• **PROBLEM TO SOLVE**: Each line that contains "Rose" needs to be copied from the listing.

• **DATA TO EXAMINE**:
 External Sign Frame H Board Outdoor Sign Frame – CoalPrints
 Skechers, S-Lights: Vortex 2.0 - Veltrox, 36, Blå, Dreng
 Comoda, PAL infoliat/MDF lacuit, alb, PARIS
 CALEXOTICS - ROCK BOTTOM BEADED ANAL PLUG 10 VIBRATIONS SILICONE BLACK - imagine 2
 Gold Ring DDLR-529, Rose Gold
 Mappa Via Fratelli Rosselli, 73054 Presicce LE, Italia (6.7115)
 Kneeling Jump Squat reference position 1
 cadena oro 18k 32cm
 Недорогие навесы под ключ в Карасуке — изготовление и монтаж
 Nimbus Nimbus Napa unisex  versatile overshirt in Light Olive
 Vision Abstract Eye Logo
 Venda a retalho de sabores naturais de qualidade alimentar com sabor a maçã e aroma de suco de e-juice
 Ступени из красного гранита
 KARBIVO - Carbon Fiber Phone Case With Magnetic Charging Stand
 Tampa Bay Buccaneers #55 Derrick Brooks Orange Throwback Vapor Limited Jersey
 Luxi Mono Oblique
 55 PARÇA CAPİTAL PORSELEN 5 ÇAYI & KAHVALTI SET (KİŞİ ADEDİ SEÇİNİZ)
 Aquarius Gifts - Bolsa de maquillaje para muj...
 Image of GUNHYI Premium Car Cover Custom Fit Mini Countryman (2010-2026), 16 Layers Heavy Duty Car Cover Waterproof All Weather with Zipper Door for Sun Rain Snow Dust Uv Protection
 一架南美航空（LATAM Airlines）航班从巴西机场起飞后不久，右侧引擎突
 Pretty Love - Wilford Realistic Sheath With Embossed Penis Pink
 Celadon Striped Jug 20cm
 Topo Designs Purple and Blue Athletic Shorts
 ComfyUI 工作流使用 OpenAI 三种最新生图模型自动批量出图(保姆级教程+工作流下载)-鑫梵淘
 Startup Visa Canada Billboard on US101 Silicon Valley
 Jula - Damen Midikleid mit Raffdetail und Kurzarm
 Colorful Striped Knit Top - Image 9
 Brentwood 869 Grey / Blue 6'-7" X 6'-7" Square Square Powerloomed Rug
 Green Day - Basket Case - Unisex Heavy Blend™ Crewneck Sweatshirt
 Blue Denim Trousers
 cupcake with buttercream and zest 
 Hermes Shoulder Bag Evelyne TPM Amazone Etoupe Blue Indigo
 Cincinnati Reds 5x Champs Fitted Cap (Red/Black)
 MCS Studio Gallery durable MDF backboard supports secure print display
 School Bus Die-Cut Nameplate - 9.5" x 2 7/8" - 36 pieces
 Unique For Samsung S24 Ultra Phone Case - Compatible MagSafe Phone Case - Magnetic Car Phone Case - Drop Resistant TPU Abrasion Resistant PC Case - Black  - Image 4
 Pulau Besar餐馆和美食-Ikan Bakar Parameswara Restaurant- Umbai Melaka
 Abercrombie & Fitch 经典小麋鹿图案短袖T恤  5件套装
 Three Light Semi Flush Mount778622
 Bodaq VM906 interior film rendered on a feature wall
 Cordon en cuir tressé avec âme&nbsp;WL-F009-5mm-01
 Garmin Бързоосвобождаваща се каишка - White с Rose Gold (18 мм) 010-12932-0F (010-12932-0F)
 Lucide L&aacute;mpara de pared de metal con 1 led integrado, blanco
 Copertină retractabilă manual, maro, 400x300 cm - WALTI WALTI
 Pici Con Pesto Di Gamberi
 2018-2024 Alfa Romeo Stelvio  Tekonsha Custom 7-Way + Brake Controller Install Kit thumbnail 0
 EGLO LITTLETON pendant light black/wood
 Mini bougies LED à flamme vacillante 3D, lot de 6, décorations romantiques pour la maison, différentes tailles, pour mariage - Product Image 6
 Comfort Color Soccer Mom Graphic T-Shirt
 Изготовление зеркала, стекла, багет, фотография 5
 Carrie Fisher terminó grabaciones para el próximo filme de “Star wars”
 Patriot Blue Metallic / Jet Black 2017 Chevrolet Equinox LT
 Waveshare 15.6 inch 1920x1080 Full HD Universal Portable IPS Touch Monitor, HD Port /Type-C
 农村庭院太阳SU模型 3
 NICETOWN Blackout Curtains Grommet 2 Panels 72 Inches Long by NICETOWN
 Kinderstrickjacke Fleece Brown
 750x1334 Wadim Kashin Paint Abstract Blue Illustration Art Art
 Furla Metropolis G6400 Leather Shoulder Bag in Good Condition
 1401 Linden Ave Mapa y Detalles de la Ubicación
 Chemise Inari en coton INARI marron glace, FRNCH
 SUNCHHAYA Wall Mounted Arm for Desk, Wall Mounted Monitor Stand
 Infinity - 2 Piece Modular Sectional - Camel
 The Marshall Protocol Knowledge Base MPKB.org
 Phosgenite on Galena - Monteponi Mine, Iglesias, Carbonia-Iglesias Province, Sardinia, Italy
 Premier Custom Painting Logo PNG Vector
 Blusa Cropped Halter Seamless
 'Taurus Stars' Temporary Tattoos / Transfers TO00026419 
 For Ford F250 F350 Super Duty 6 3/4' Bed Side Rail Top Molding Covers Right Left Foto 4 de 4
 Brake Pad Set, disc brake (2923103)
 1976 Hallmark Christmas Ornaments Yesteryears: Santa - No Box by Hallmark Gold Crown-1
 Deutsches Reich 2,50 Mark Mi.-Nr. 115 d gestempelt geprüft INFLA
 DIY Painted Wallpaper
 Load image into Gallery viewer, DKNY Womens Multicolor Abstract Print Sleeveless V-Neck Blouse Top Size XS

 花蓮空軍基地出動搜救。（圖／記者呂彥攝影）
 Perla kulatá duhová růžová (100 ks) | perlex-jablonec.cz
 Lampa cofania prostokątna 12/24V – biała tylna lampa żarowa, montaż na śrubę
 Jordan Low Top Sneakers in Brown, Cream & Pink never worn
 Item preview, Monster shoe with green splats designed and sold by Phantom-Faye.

• **SOLUTION TO THE EXERCISE**:
 Gold Ring DDLR-529, Rose Gold
 Garmin Бързоосвобождаваща се каишка - White с Rose Gold (18 мм) 010-12932-0F (010-12932-0F)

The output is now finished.